14Wie weet, Hij mocht Zich wenden en berouw hebben; en Hij mocht een zegen achter Zich overlaten tot spijsoffer en drankoffer voor den Heere, uw God.
 Wie weet, Hiermede trekt de profeet geenszins in twijfel of God de oprecht boetvaardige zondaars in genade wil ontvangen, de zonden vergeven en de zaligheid schenken, [dat de Schriftuur overal buiten twijfel stelt] maar Hij geeft met deze manier van spreken te kennen dat Hij de hoop heeft en wenst dat zij zich mogen bekeren, en dat God alsdan deze zware tijdelijke plaag zal afwenden, verachten, matigen, enz., gelijk het volgende uitwijst; waarin God met de zijnen handelt naar Zijn Vaderlijk welbehagen, zoals Hij verstaat te dienen tot zijne eer en de zaligheid der boetvaardigen. Ook gaat de profeet met deze grove zondaars bij trappen, eerst hun hoop gevende van vermindering der straffen, daarna op het voltrekken van de daad der boetvaardigheid, hen daarvan verzekerende, vs.18,19, enz., welke voorzienigheid Gods dienstknechten in zulk een geval navolgen. Verg. Jos 14:12 ; Est 4:14 ; Lam 3:29 ; Amo 5:15 ; Jon 3:9 ; Zep 2:3 .
,
 zegen Van gewas en landvruchten, dat niet alles bedorven worde.

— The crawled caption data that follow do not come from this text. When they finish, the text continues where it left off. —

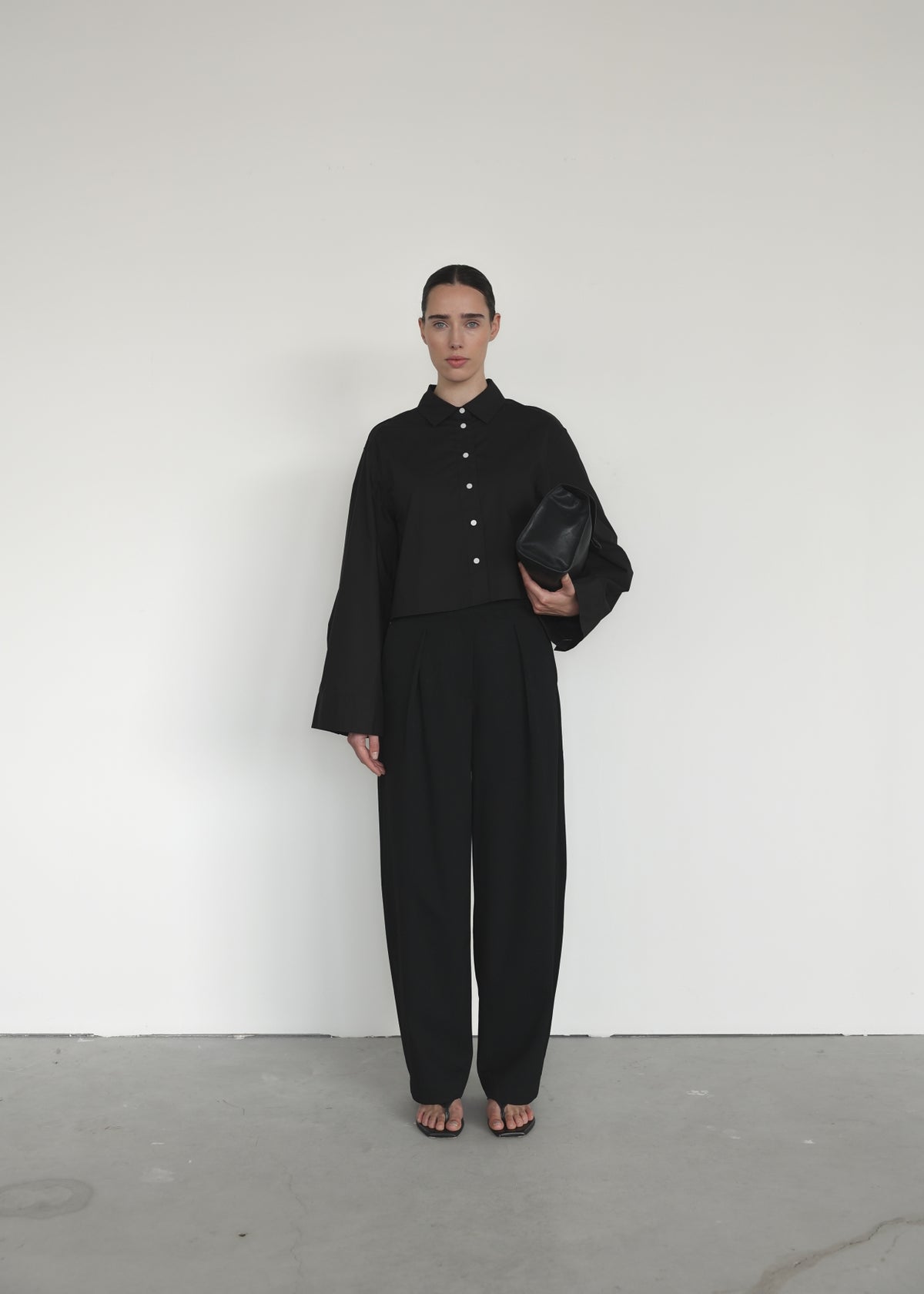 Hose Taro`CL Black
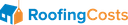 Roofing Costs logo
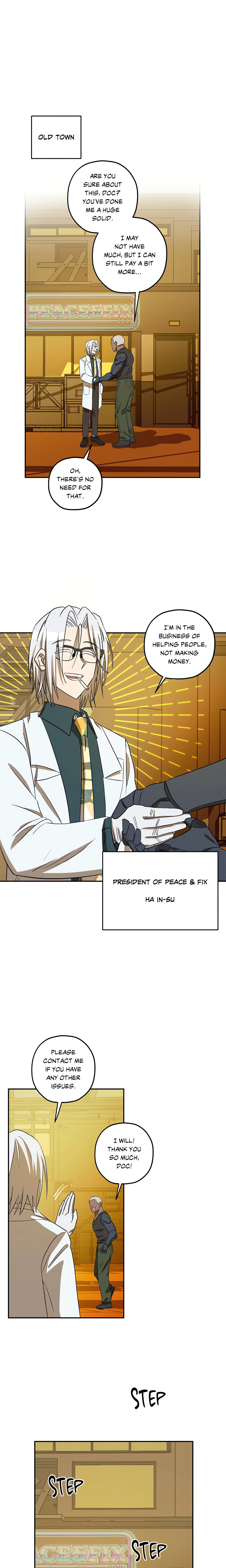Love, Lust, & Joy chapter 10 page 8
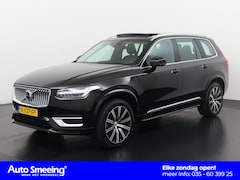 Volvo XC90 - 2.0 T8 Recharge AWD Inscription Exclusive | Trekhaak | Nappa Leder | Head Up | Zondag Open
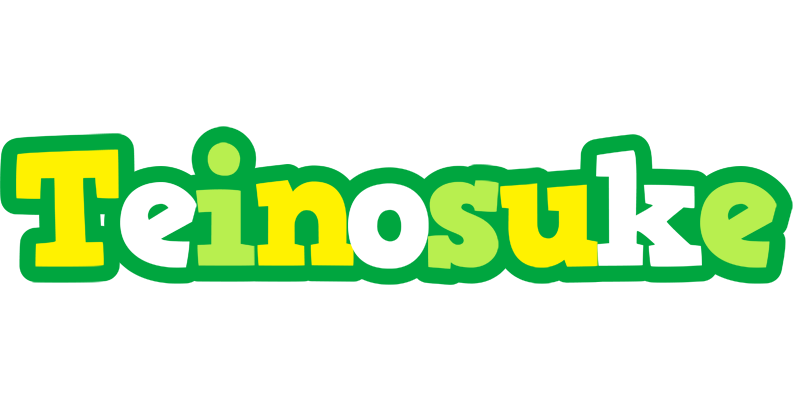 Teinosuke soccer logo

Alzo worden tijdelijke gaven een zegen des Heeren genoemd, Gen 39:5 ; Lev 25:21 ; Isa 65:8 ; Hag 2:20 ; zie ook Gen 12:2 , en Gen 33:11 ; 2Ki 18:31 .
,
 Zich overlaten Als hij door het land met zijn oordeel zal doortrekken; verg. Exo 12:12 ; Amo 5:17 ; idem Psa 65:12 , met de aantekening. Anders: achter hetzelce, te weten, heirleger, of tevoren beschreven volk, dat ongedierte, dat door het land doortrekken zal, zulks dat er nog wat overblijve, waarvan men spijsoffer enz. kan offeren.
,
 spijsoffer en drankoffer Zie boven 1:9.
15Blaast de bazuin te Sion, heiligt een vasten, roept een verbodsdag uit.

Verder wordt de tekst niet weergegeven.